Bill Griffin and I were having a lovely swim recently when we were lamenting that the deer have, yet again, expanded their palettes to include plants they’d never shown interest in before. Fennel, for example. And Bill noted that on their way to eat his dahlias (dahlias!!), they trampled the beds with gusto.
Elaine Rittershaus’s ceramic fish continue to swim in place, adding poetry and color to the mid-August garden. John Otto showed up at our screen door with a beautiful bouquet of blue hydrangeas, which lasted weeks in a vase. The hydrangeas have benefited from the wet spring and dance with delight in the slightest breeze. Leigh Pumilia and Carol Ortlip’s front patio is a magical mix of boulders, gravel and waving willows. Comfortable chairs await. Joy Larabee is enjoying a second year of harvesting tomatoes from her float, which is the only place the deer can’t reach them. Kathy Moulaison has two amazing barn quilts, one which she made, and one which she purchased.

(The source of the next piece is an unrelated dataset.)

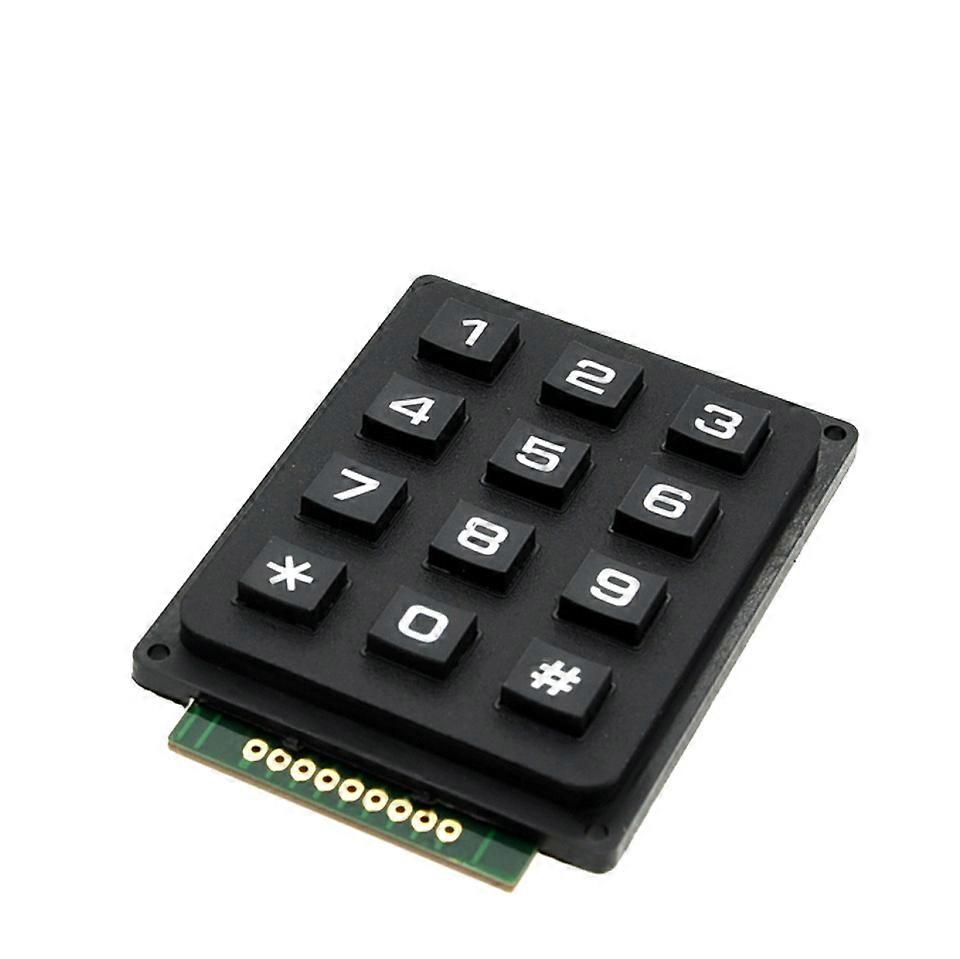3/4 4/4 Matrix Switch Keyboard Keypad Array Module ABS Plastic Keys 4x4 3x4 12 16 Key Button Membrane Switch DIY Kit compatible with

While not technically plants, they do ornament the garden with colorful, geometric images.
Here at my own homestead on Crooked Pine, it’s an “on year” for the foxgloves and the hollyhocks. At one point I counted 19 foxgloves. Next year should be a good one as well, because there are numerous new starts. I love volunteers, and this year, a pink poppy emerged. I’m also having luck with sweet peas, for the first time in my life. They smell divine. In the garden that Janet Hughes and I share, we’ve had great success (Finally!) with our rugosa roses. They are blooming and spreading like wildfire.
And speaking of wildfire, let’s all remember to trim our tree branches up to forestall the development of a fire ladder in the event of fire. Remove dead or dying branches, and clear wood off your property.
Keep your fingers in the ground, look up at the seagulls and osprey overhead, and remember - gardeners know all the dirt!